Ma tale difficoltà fu superata in modo brillante con pesi e contrappesi di luci e musiche ben congeniate che conducevano lo spettatore in quella stanza di Sonia: rappresentazione plastica di una vita, fotografata da chi quella vita ha temuto di perdere, da chi ha vissuto in prima persona la paura della morte dalla quale si è affrancata tramite una sedia a rotelle.

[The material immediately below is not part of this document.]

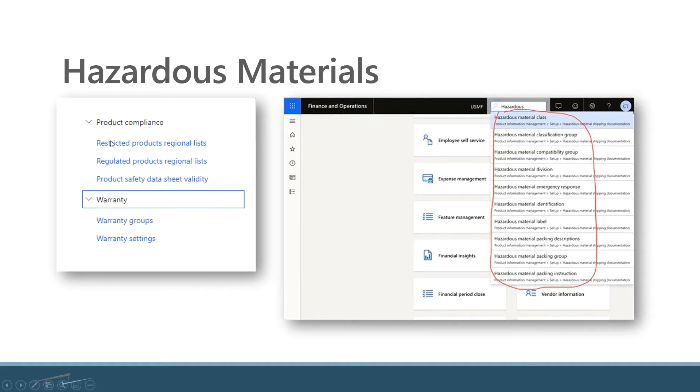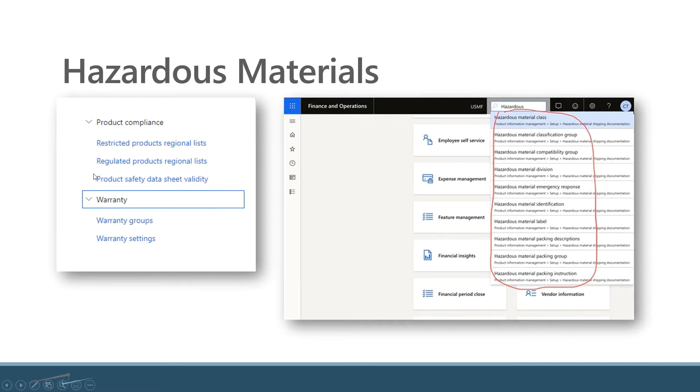So under product compliance, we can maintain those relationships so that we're not inadvertently violating laws and regulations, as well as tracking product safety data sheets. And then most recently, they added in functionality for warranty.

Non per nulla il testo è risultato finalista al concorso nazionale “Teatro e Disabilità (2014), vincitore dei concorsi nazionali “Culture possibili” (2014) e “La Riviera dei Monologhi” (2015). Ma questo lo lasciamo al giusto orgoglio di Matteo insieme con i lunghissimi applausi del pubblico presente ed emotivamente commosso per quanto rappresentato.